La Nouvelle Expression Info | Fréderic Takang

L’opération s’étend aussi  aux «mutilations génitales», lancée par l’organisation non-gouvernementale basée Bamenda.

 

«Modern Advocacy Humanitarian Social and Rehabilitation Association ( MAHSRA)» vient de lancer une campagne nationale contre le repassage des seins et les mutilations génitales féminines au Cameroun. La campagne a été lancée le vendredi 23 Septembre 2016 à Ndop dans le département du  Ngo-Ketunjia , région du Nord-Ouest.  Cette campagne aux dires des organisateurs, intervient suite aux récents rapports faits par la Société allemande pour la coopération internationale GIZ indiquant que ces pratiques sévissent encore au Cameroun. Dans la région du Nord-ouest par exemple, une coutume ancestrale consiste à masser les seins naissants des jeunes filles en pleine croissance afin de freiner le développement de leurs poitrines. Encore aujourd’hui, cette pratique est utilisée dans de nombreux foyers. Selon une étude de l’Agence de coopération internationale allemande (GIZ).  La technique, archaïque, consiste à se servir d’objets préalablement chauffés au cœur d’un brasier, tels que la pierre à écraser utilisée en cuisine, le pilon, la louche, la spatule ou encore des noyaux de cerises. Le but ? Masser les seins pour les faire disparaître. Une opération douloureuse qui se réalise dans l’intimité familiale, en ville comme à la campagne, chez les plus défavorisées comme chez les plus aisées. Ce qui explique en partie le silence qui entoure cette coutume.

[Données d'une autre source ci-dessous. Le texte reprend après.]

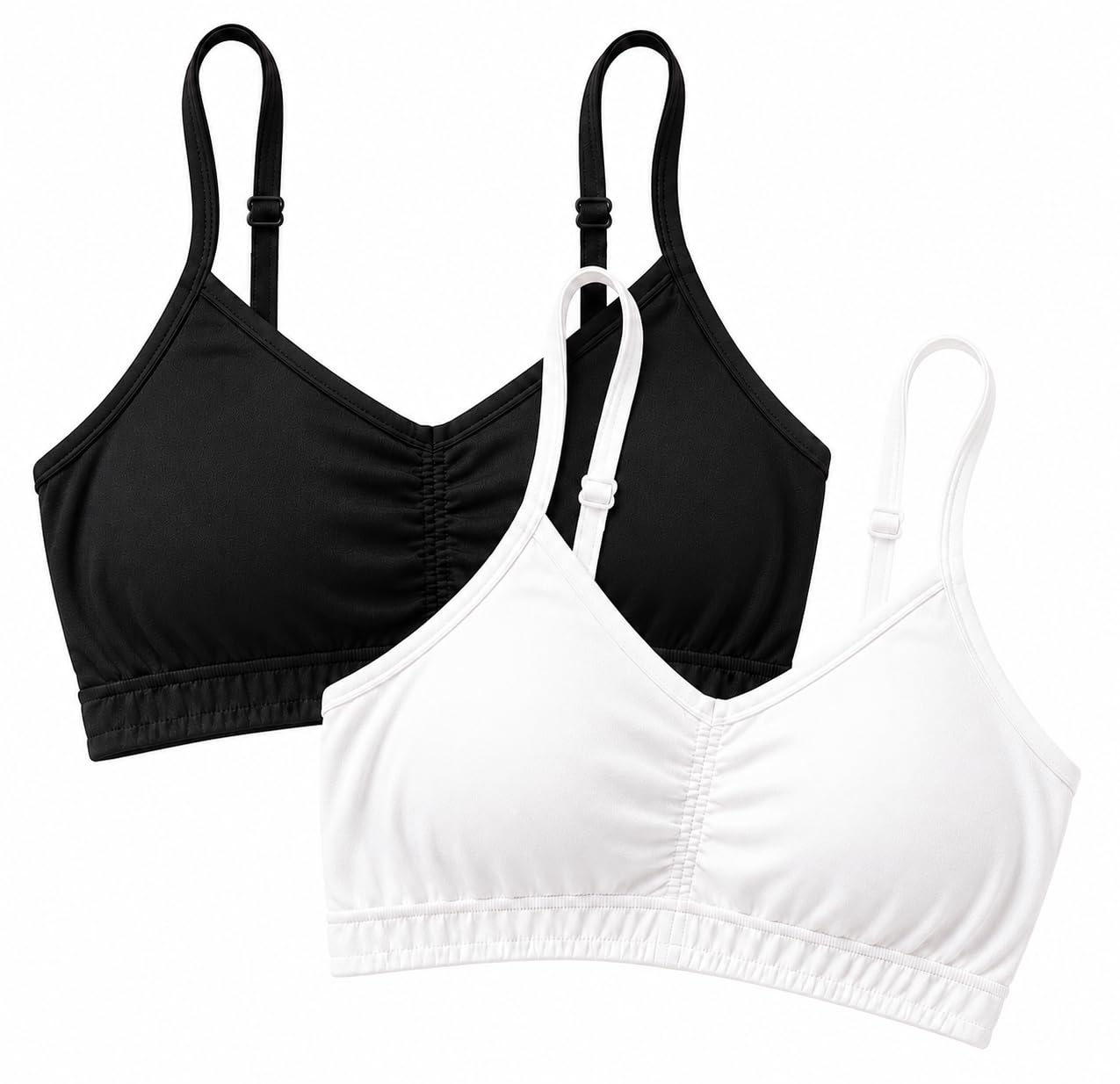 Women Sports Bra Combo Pack of 2 | Padded Bra Adjustable Strap Non Wired Stretchable Bralette Crop Camisole (Black, White, Pink) (in, Alpha, XS, XS, A, 24, Regular, Standard, Black & White)-picture-51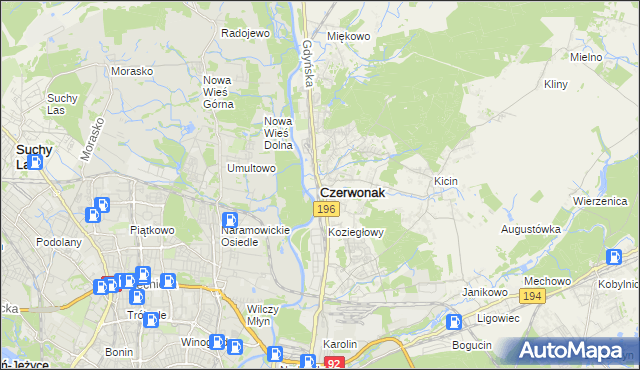 mapa Czerwonak, Czerwonak na mapie Targeo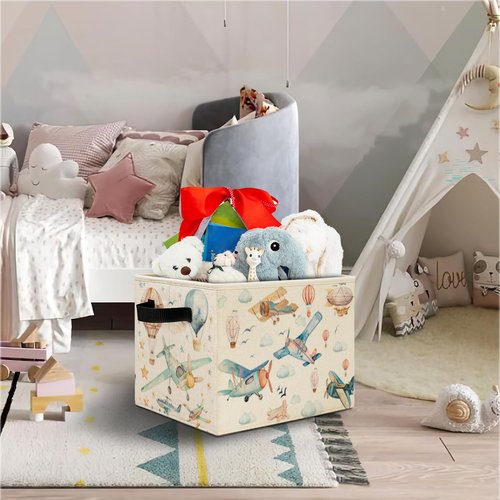 Elefeltclave Kids Airplane Nursery Storage Bins,Hot Air Balloon Airplane Collapsible Storage Basket Organizer for Toddler Kids Bedroom Playroom Bathroom Clothes Toys Books, Toybox for Boys Girls
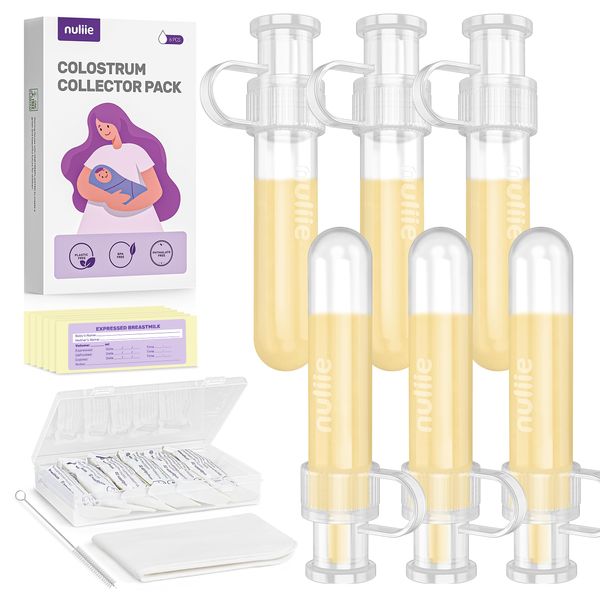 Nuliie Colostrum Collector Kit 7ml/6pcs, Leakproof, Reusable Breast Milk Collector, Heat & Freezer Resistant, BPA-Free, With Cotton Cloth Wipe, Storage Case, Cleaning Brush - Ready-to-Use for Newborns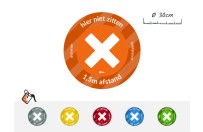 1,5m AFSTAND - Vloersticker Kruis (Niet zitten)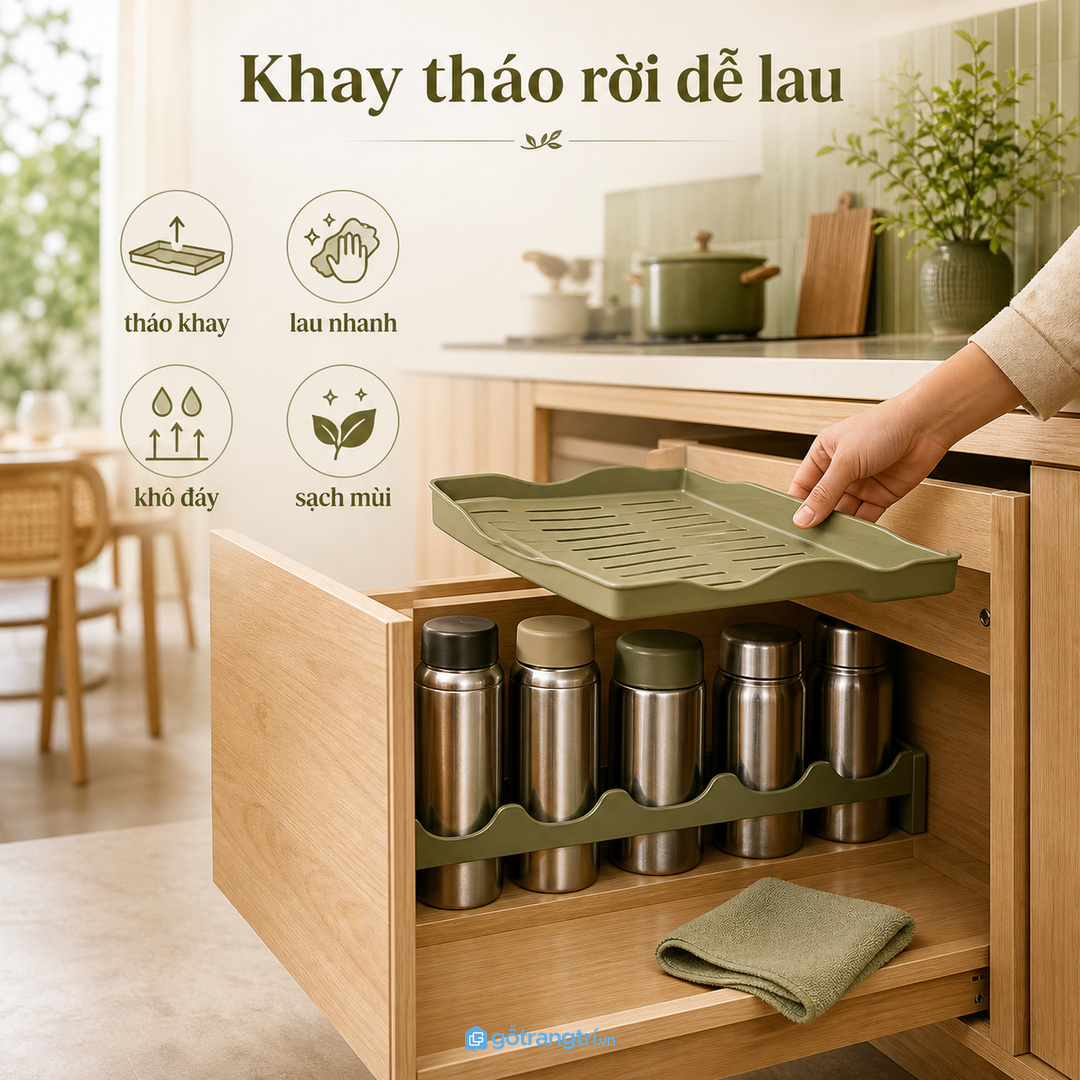 Khay tháo rời giúp lau khô đáy bình, hạn chế mùi ẩm trong hộc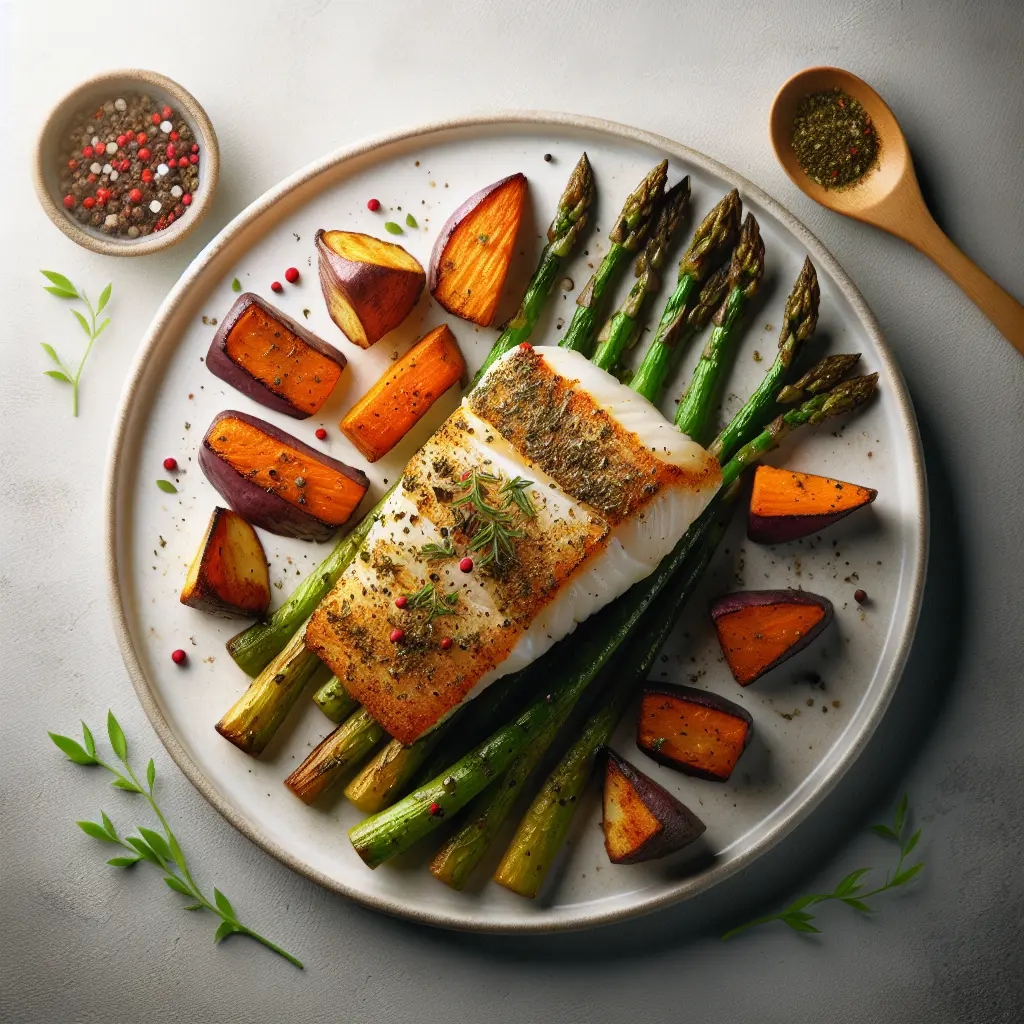 Herb-Crusted Baked Cod with Roasted Sweet Potatoes and Asparagus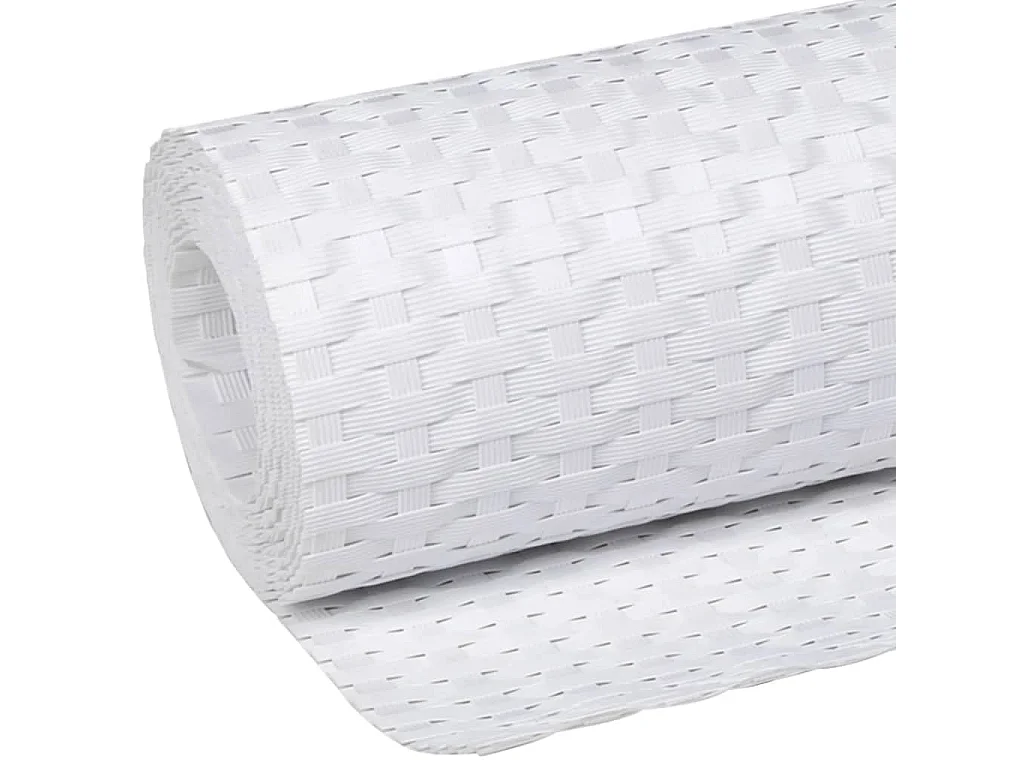 Weißer Balkonschirm 300x100 cm aus gewebtem Harz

Selon l’étude réalisée par l’Institut pour la Recherche, le Développement Socioéconomique et la Communication (Iresco) pour le compte de la GIZ, le phénomène constitue un traumatisme psychologique et physique pour certaines femmes qui ont été victimes de ces pratiques. Le document révèle aussi que « près de la moitié (45,7%) des victimes qui ont participé à l’étude déclarent que leurs seins ont eu une anomalie après le repassage. Les conséquences les plus récurrentes sur les seins sont la diminution de la taille (42,5%) ; les douleurs (24,5%) ou une inflation du volume (21%) ». Les travaux de recherches indiquent aussi que, 3,7 % de filles interrogées se sont retrouvées avec des seins blessés ; 8% avec un sein plus grand que l’autre; tandis que 2% ont subi l’ablation d’un sein, etc. L’étude montre également que 17% des cas de kystes et les abcès détectés chez les femmes dans le pays sont souvent les conséquences de cette pratique. « En tout cas, le repassage de seins est un facteur de développement du cancer du sein », insiste le coordonnateur de l’ONG MAHSRA.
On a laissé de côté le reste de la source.